(TASK REQUIREMENTS) From the first line to the last, restate every record word for word, leaving out the pictures.

Short text fragments from websites:
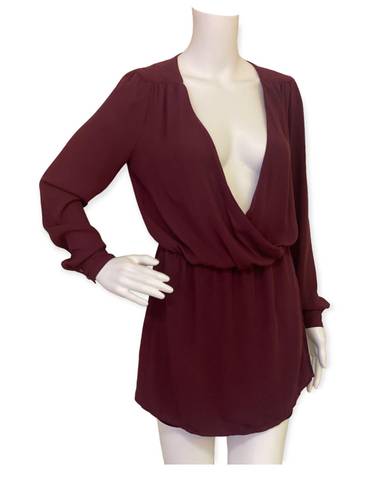 Cache Caché Maroon Casual Open Back Top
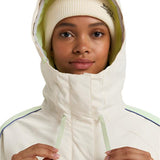 Roxy Women's Highridge Hoodie Jacket 2025 - A cream-colored jacket with a hood, featuring blue stripes on the sleeves and a zipper down the front.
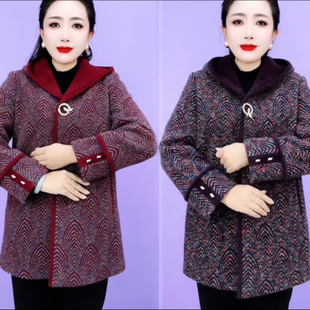 中老年妈妈装2025秋冬新款金貂绒大衣阔夫人加厚呢子外套时尚女装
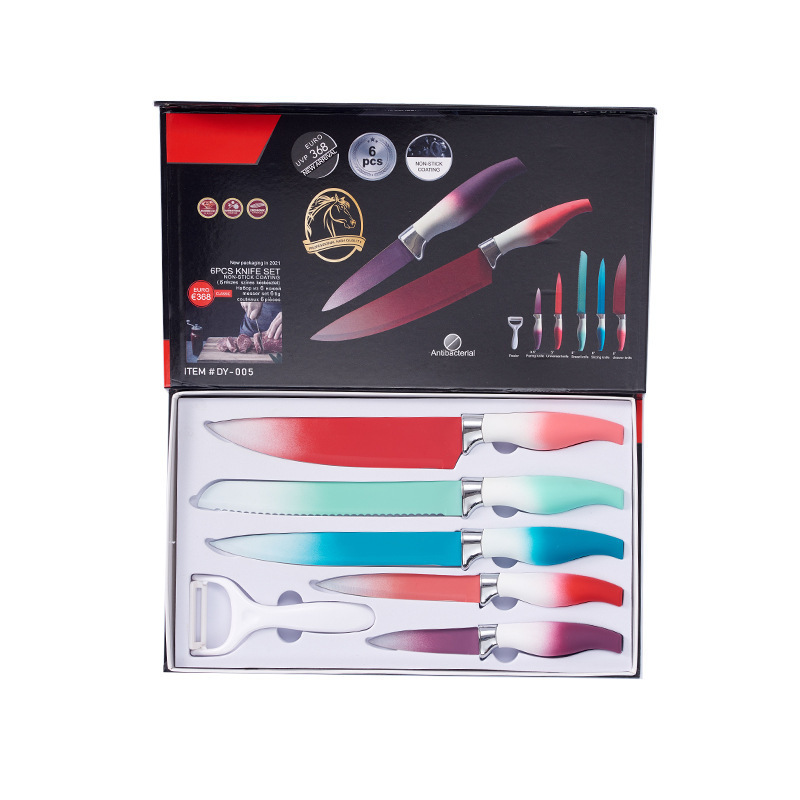 Cuchillo de cocina cuchillo con cuchillo de pan cuchillo de frutas cuchillo de color de seis piezas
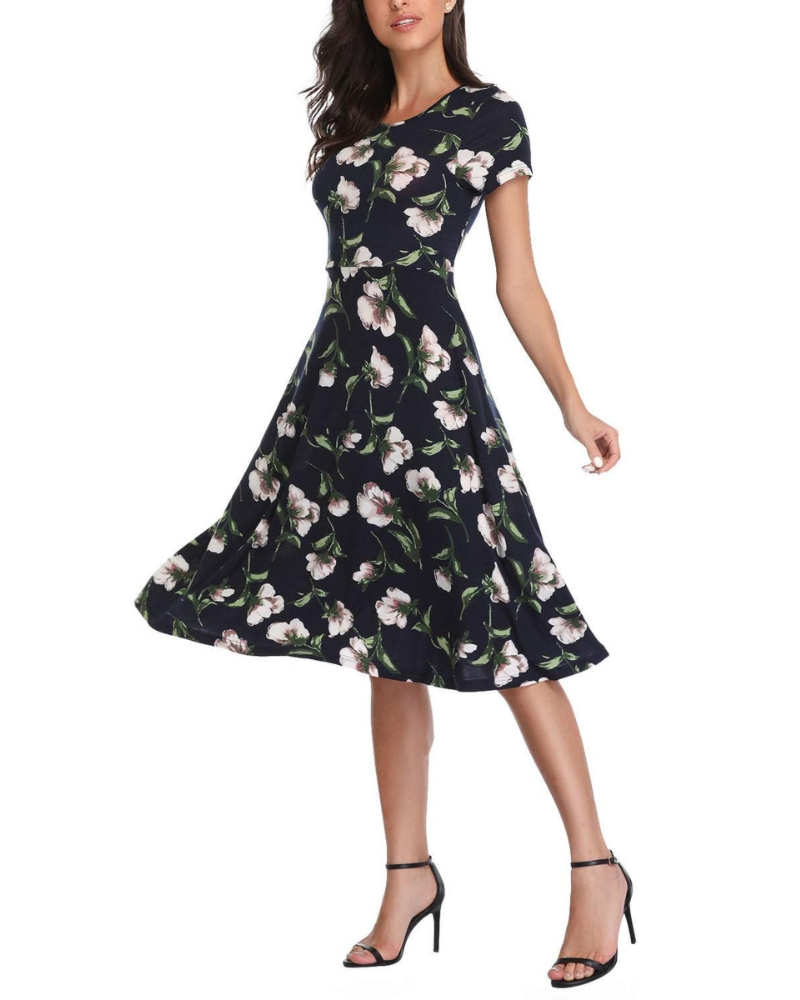 Hannah Abito Mujer – Vestido Floral a la Rodilla con Cuello Redondo, Mangas Cortas y Falda Acampanada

(RESPONSE TO THIS EXERCISE)
 Cache Caché Maroon Casual Open Back Top
 Roxy Women's Highridge Hoodie Jacket 2025 - A cream-colored jacket with a hood, featuring blue stripes on the sleeves and a zipper down the front.
 中老年妈妈装2025秋冬新款金貂绒大衣阔夫人加厚呢子外套时尚女装
 Cuchillo de cocina cuchillo con cuchillo de pan cuchillo de frutas cuchillo de color de seis piezas
 Hannah Abito Mujer – Vestido Floral a la Rodilla con Cuello Redondo, Mangas Cortas y Falda Acampanada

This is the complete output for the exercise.